High Oil Prices Exacerbated By OPEC+ Cuts Could Push Global Market Into Recession, Analysis Warns

Jack McEvoy 

High oil prices that will be pushed up further by the Organization of Petroluem Exporting Countries’ (OPEC) and Russia’s significant supply cuts could push the slowing global economy into a recession, according to the International Energy Agency (IEA).

OPEC and its Russia-led allies, which are collectively known as OPEC+, voted to slash crude oil production on Oct. 5 by 2 million barrels per day. The cuts will lower supply and hike already high oil prices, which could put even further pressure on global economies struggling to fight soaring inflation and poor economic growth, according to an IEA report released Thursday.

“With unrelenting inflationary pressures and interest rate hikes taking their toll, higher oil prices may prove the tipping point for a global economy already on the brink of recession,” the report reads.

The international Brent crude oil benchmark has already hit five-year highs in 2022 and began rising again in anticipation of the OPEC+ decision. U.S. shale producers that have previously been able to ramp up production in response to low supply will likely be unable to ramp up production due to high operating costs that have been exacerbated by inflation, according to the IEA.
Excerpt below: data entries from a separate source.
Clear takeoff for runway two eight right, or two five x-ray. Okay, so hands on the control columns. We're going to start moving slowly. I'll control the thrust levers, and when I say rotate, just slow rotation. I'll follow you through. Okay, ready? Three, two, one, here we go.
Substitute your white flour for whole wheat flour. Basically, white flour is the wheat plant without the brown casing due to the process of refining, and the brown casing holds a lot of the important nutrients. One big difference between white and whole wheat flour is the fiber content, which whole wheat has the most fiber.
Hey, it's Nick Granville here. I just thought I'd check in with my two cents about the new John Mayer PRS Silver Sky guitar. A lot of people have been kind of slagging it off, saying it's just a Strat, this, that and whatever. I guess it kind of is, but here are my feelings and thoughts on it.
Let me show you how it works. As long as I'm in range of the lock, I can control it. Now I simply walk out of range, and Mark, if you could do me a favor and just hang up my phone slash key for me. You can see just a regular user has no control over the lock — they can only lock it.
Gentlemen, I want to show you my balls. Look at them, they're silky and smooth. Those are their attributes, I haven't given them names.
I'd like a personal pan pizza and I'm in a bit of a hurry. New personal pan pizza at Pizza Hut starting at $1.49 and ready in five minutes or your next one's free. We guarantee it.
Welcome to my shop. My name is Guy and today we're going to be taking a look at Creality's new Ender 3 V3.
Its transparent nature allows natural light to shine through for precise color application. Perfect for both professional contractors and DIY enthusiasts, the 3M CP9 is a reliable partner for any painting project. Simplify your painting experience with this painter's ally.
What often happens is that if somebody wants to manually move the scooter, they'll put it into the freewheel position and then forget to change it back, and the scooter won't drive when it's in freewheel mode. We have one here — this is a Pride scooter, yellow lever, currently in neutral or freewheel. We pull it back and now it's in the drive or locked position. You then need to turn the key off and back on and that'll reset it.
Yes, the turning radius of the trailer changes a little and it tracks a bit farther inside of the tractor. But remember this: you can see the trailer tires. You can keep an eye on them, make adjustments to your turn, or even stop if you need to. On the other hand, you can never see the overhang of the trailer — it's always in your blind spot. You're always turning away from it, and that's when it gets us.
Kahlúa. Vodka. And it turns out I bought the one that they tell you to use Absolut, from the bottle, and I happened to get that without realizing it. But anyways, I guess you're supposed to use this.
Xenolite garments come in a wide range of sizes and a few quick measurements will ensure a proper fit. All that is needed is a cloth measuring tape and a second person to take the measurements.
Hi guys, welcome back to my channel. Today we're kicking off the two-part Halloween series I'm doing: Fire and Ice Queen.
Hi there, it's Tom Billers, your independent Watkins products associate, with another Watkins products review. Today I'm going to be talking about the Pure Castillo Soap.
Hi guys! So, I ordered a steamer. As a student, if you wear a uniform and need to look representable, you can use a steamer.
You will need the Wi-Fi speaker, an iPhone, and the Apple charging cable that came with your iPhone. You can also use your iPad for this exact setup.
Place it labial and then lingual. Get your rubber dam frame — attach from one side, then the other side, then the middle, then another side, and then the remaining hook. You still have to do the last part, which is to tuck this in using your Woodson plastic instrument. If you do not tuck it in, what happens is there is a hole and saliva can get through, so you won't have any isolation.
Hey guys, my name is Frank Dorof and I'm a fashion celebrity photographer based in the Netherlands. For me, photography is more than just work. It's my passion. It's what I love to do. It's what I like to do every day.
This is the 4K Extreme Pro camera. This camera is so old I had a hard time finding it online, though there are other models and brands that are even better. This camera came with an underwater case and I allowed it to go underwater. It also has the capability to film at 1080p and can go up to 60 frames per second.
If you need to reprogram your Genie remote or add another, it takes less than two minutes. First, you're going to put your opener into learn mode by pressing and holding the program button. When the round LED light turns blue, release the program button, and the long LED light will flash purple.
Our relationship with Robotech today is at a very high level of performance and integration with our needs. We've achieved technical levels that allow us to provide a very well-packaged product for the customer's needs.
U.S. producers warned in September that they would be unable to produce more oil to alleviate the global energy crisis, according to the Financial Times. Furthermore, the West’s proposed price cap on Russian oil could further weaken global supplies as Russia has threatened to withhold fuel from countries that impose a price cap, the agency noted.

The agency also predicted that demand for oil will decline in the long term due to high prices and declining economic growth.

“The massive cut in OPEC+ oil supply increases energy security risks worldwide,” the report states. “Even taking into account lower demand expectations, it will sharply reduce a much needed build in oil stocks through the rest of this year and into the first half of 2023.”

The IEA did not immediately respond to the Daily Caller News Foundation’s request for comment.